TRY IT:
With the pictures removed, write out the data below exactly.

SUPPLIED INFORMATION:
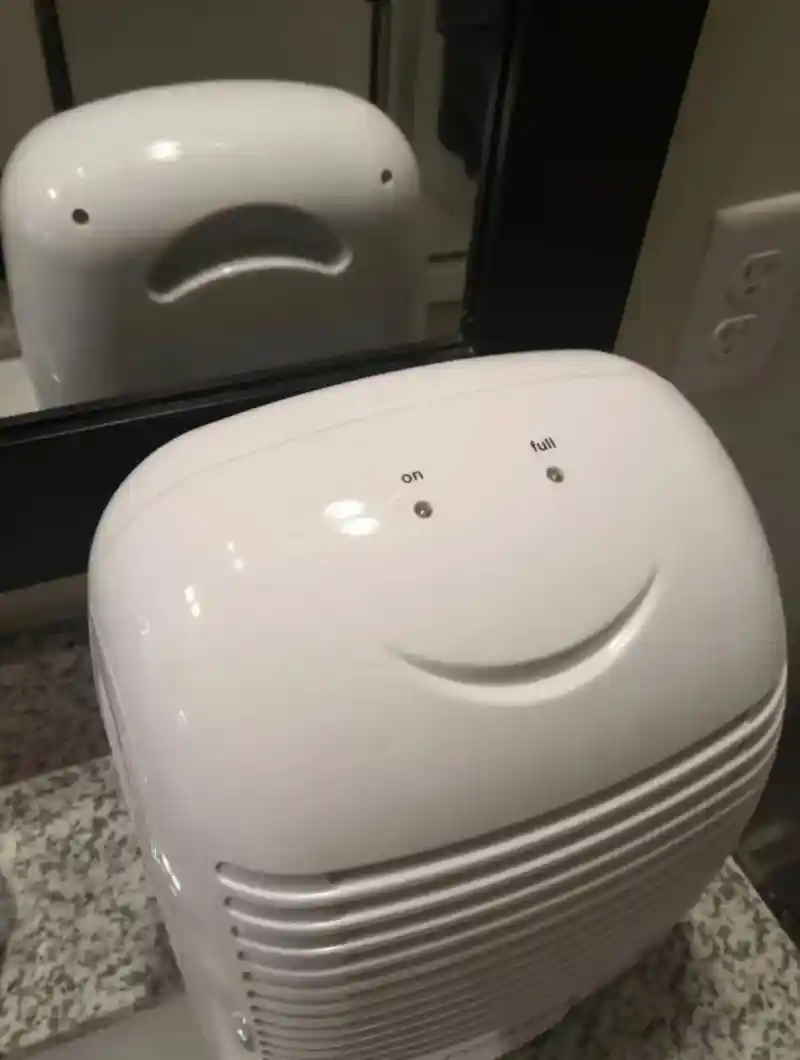 주인님 그 자는 가짜에요!!!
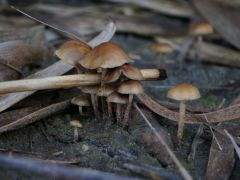 Leeresztett tó partján, nád tövében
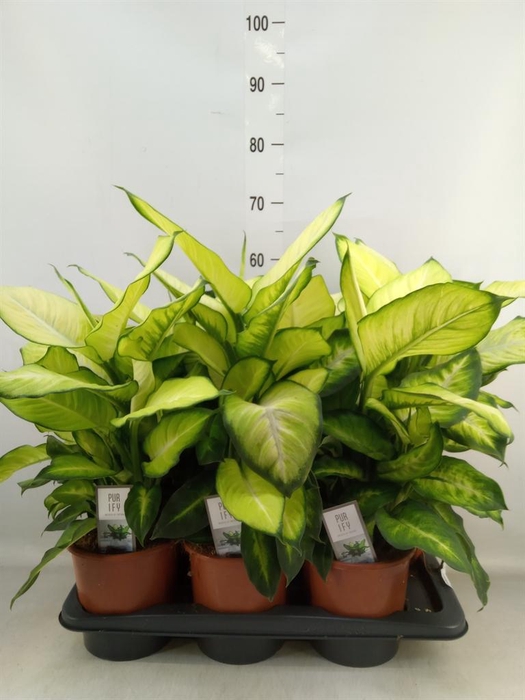 <h4>Dieffenbachia  'Summer Style'</h4>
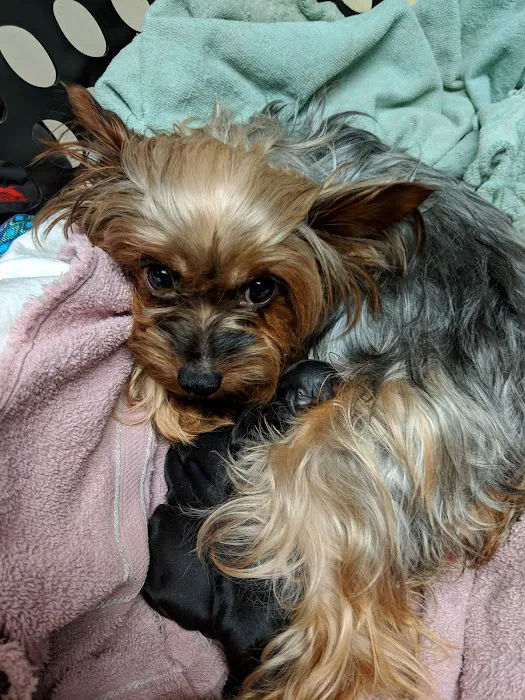 Windham Animal Hospital Picture 8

SOLUTION TO THE EXERCISE:
 주인님 그 자는 가짜에요!!!
 Leeresztett tó partján, nád tövében
 <h4>Dieffenbachia  'Summer Style'</h4>
 Windham Animal Hospital Picture 8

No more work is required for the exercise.